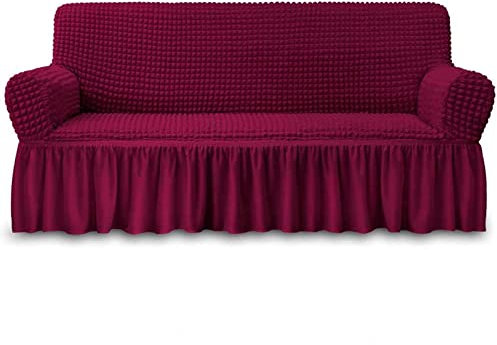 Stretch-Sofabezug mit 3D-Blasengittern, rot, Spandex, elastischer Couchbezug für Zweisitzer und Sofa, einfach anzubringen, Möbelschutz, Stuhlbezug, passend für 134 - 165 cm, elegantes Design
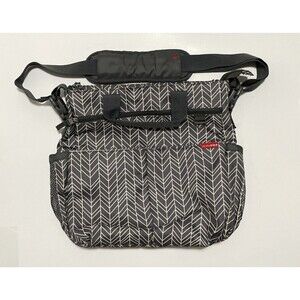 Skip Hop Duo Double Signature Diaper Bag Messenger Tote Gray Chevron 16x15x3.5"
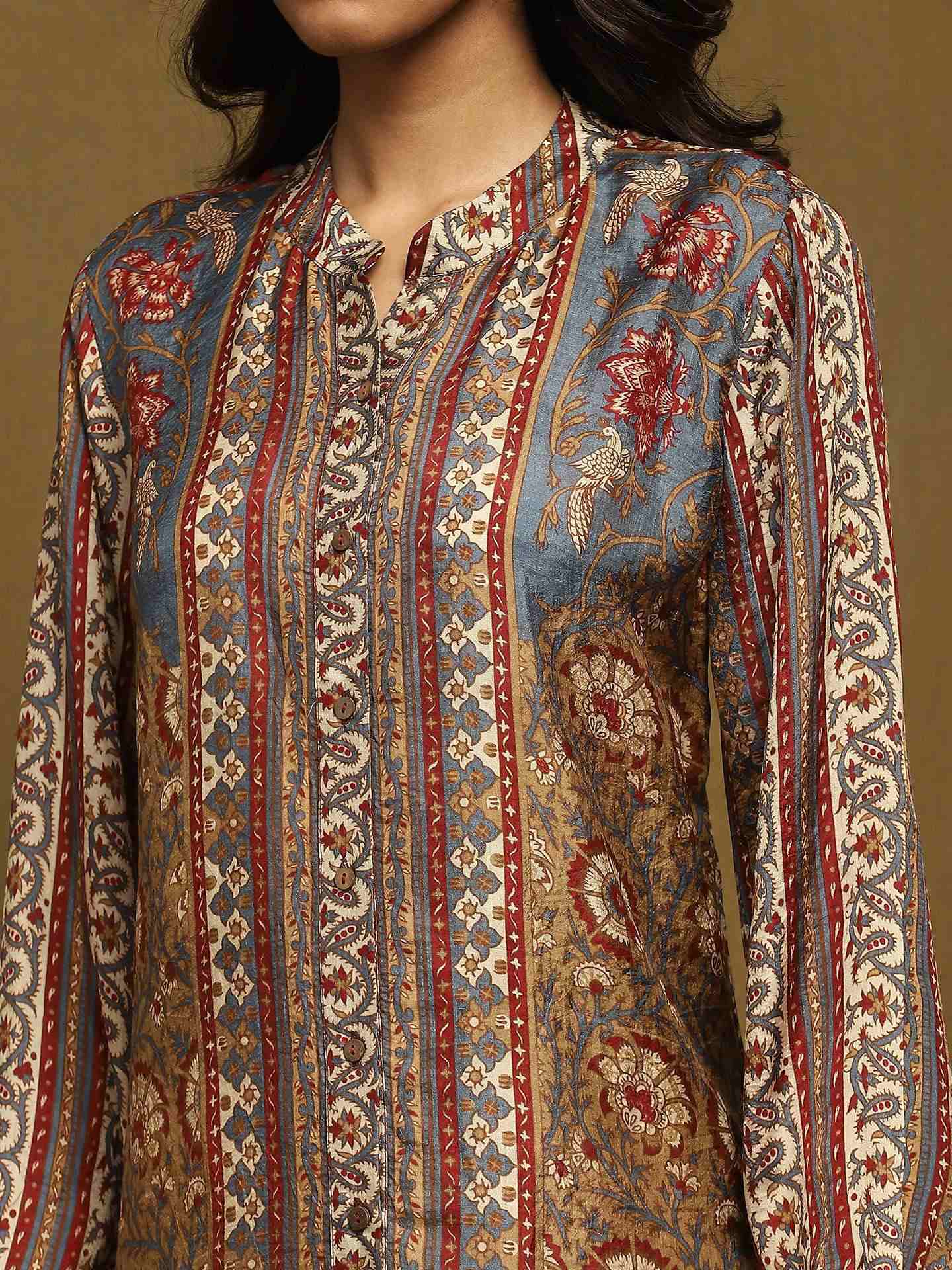 Beige & Multi Kalyani Kurti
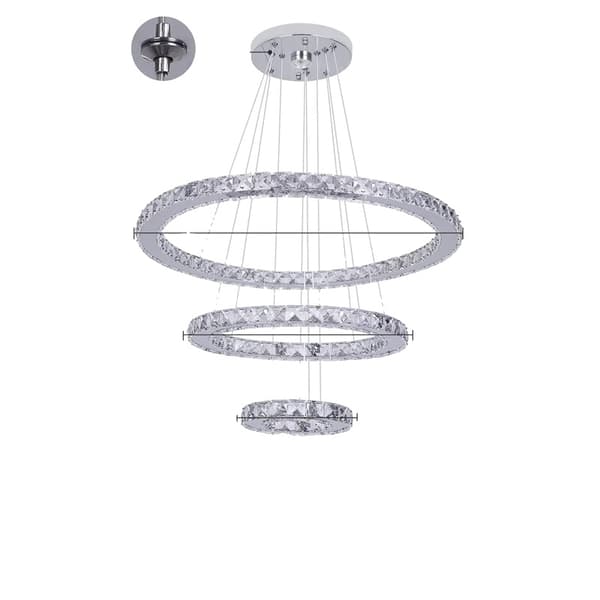 LED Krystal Lysekrone, Moderne Design, Indendørs Belysning, D20x40x60cm, ændrbar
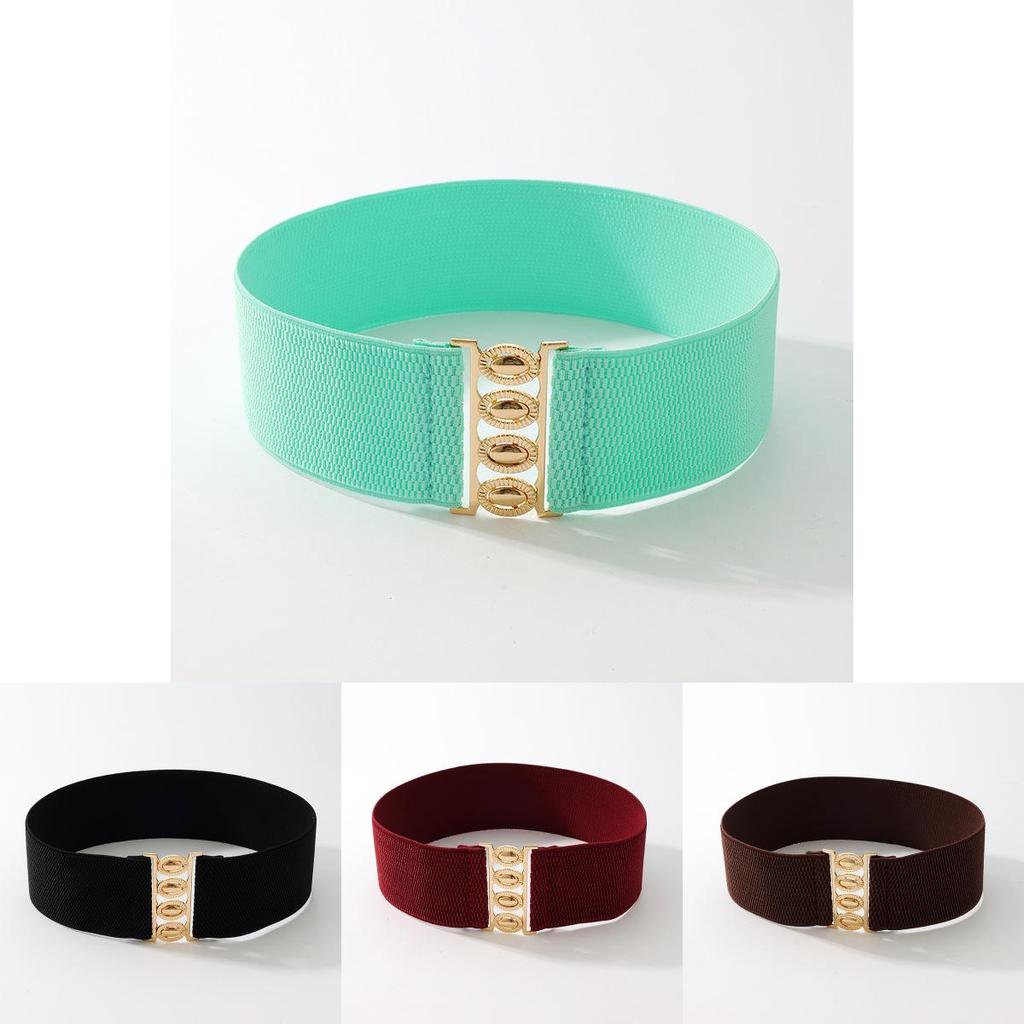 Женский вязаный пояс с широкой талией и металлической застежкой для стильной повседневной носки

-=-=-

### What is needed
Once the pictures are set aside, give the rest of the listing again exactly.

### Your solution
 Stretch-Sofabezug mit 3D-Blasengittern, rot, Spandex, elastischer Couchbezug für Zweisitzer und Sofa, einfach anzubringen, Möbelschutz, Stuhlbezug, passend für 134 - 165 cm, elegantes Design
 Skip Hop Duo Double Signature Diaper Bag Messenger Tote Gray Chevron 16x15x3.5"
 Beige & Multi Kalyani Kurti
 LED Krystal Lysekrone, Moderne Design, Indendørs Belysning, D20x40x60cm, ændrbar
 Женский вязаный пояс с широкой талией и металлической застежкой для стильной повседневной носки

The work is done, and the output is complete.